Ну а что же Шмидт? Кто мешал ему, стоя на мостике “Очакова”, достойно встретить свой смертный час? Спровоцировав людей на бой и не сумев возглавить их в этом бою, он должен был, по крайней мере, достойно встретить свой смертный час вместе со своими матросами, как сделали это лейтенанты Богданов, Вырубов и прапорщик Курсель. Мог бы, но не сделал...
Увы, реальный бой — это не митинговая стихия, где верят словам. В бою верят поступкам. И Шмидт поступает точно так же, как он уже поступал раньше, сбегая с идущего в бой “Иртыша”. Он снова дезертирует, на этот раз уже с “Очакова”.

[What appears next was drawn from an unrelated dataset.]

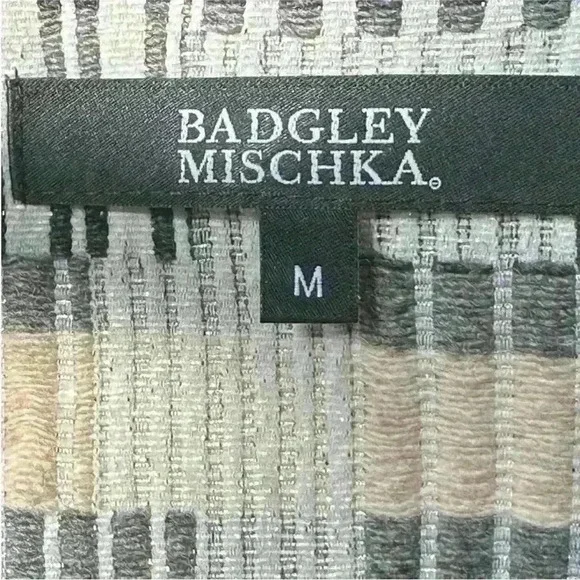 Badgley Mischka Unique Evening Formal Jacket
Women's Size Medium EUC - Picture 9 of 9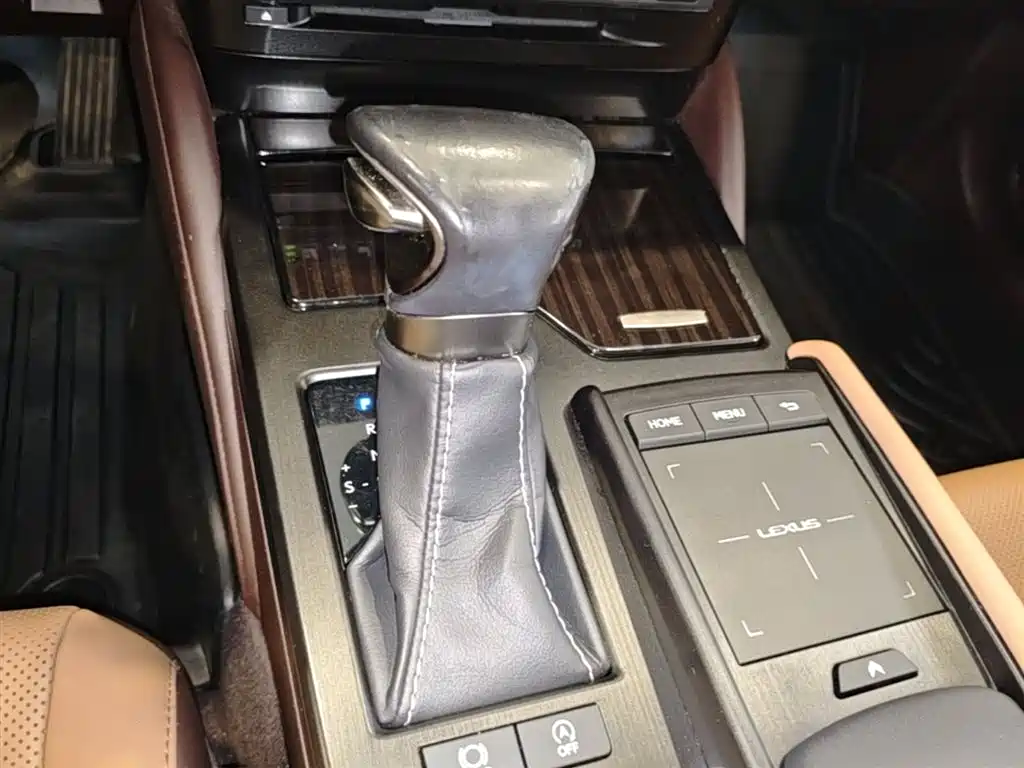 Lexus ES 2018 200 Luxury Edition China V фото 21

Еще до начала обстрела, предвидя неблагоприятное развитие событий, Шмидт приказал приготовить себе с тылового борта “Очакова” миноносец № 270 с полным запасом угля и воды. Едва борт крейсера начал содрогаться от первых попаданий, Шмидт со своим шестнадцатилетним сыном, пользуясь всеобщей неразберихой, первым (и это доказано документально!) покинул обстреливаемый корабль, бросив на произвол судьбы сотни и сотни поверивших ему людей.

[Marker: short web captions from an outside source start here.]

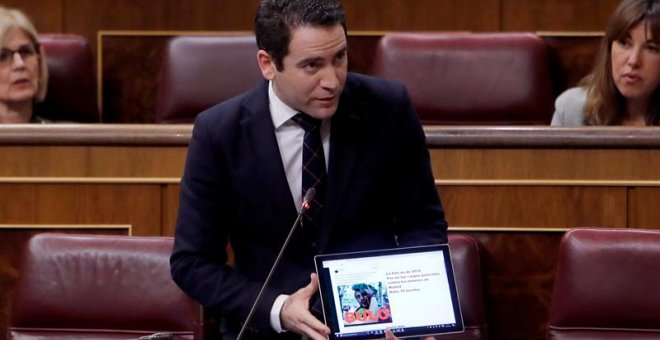 El diputado del PP, Teodoro García Egea durante su intervención en el debate de la proposición no de Ley relativa al impulso de las medidas necesarias para garantizar la veracidad de las informaciones que circulan por servicios conectados a Internet y evi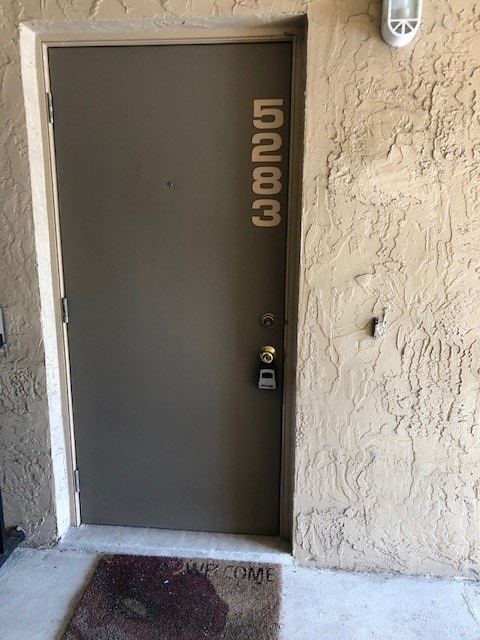 Building Photo - 5283 Vineland Rd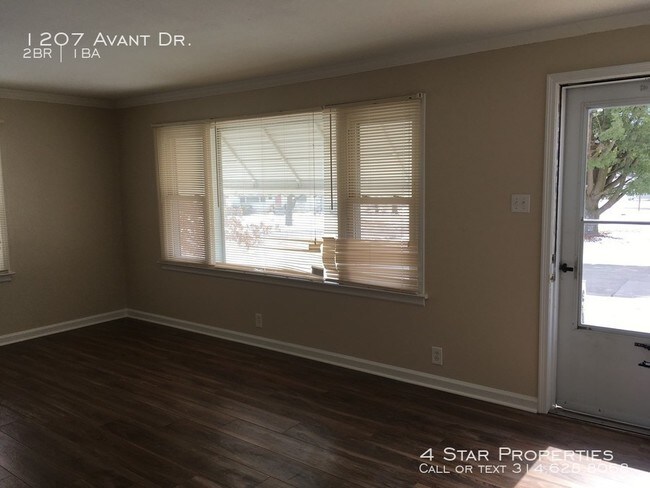 Building Photo - 1207 Avant Dr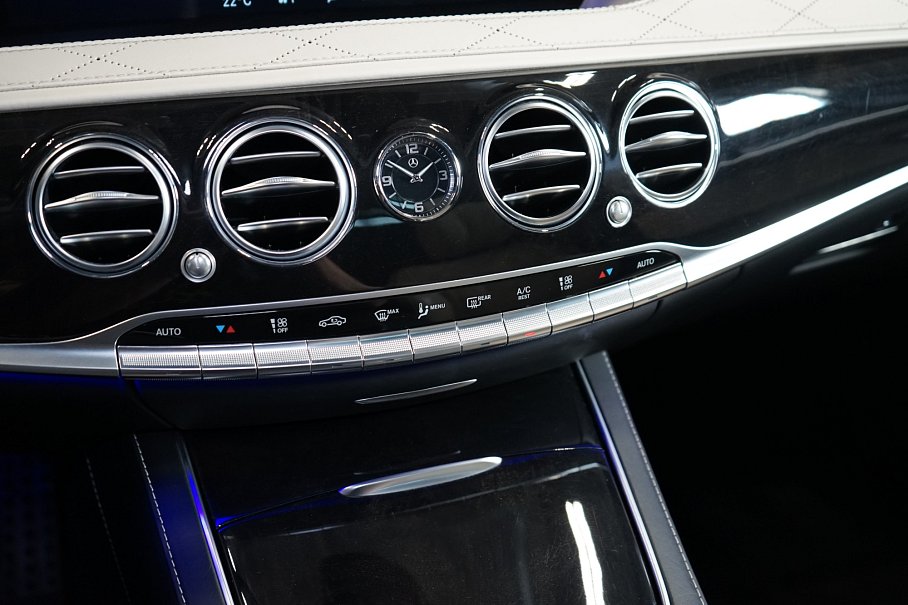 Mercedes-Benz Třída S 560 4Matic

Дезертировав самым бесстыдным образом в очередной раз, Шмидт впоследствии так оправдывает свой поступок: “Мне часто думается, что Россия не позволит меня предать смертной казни... Я пойду на смерть спокойно и радостно, как спокойно и радостно стоял на “Очакове” под небывалым в истории войн градом артиллерийского огня. Я покинул “Очаков” тогда, когда его охватил пожар и на нем нечего было уже делать, некого было удерживать от панического страха, некого было успокаивать. Странные люди! Как они все боятся смерти. Я много говорил им, что нам смерть не страшна, потому что с нами “правда”. Но они не чувствовали этого так глубоко, как я, а потому и дали овладеть собой животным страхом смерти...” Нормальному человеку трудно представить, как мог Шмидт столь беспардонно расхваливать себя и свое очередное бегство и при этом одновременно столь цинично отзываться о людях, пошедших за ним.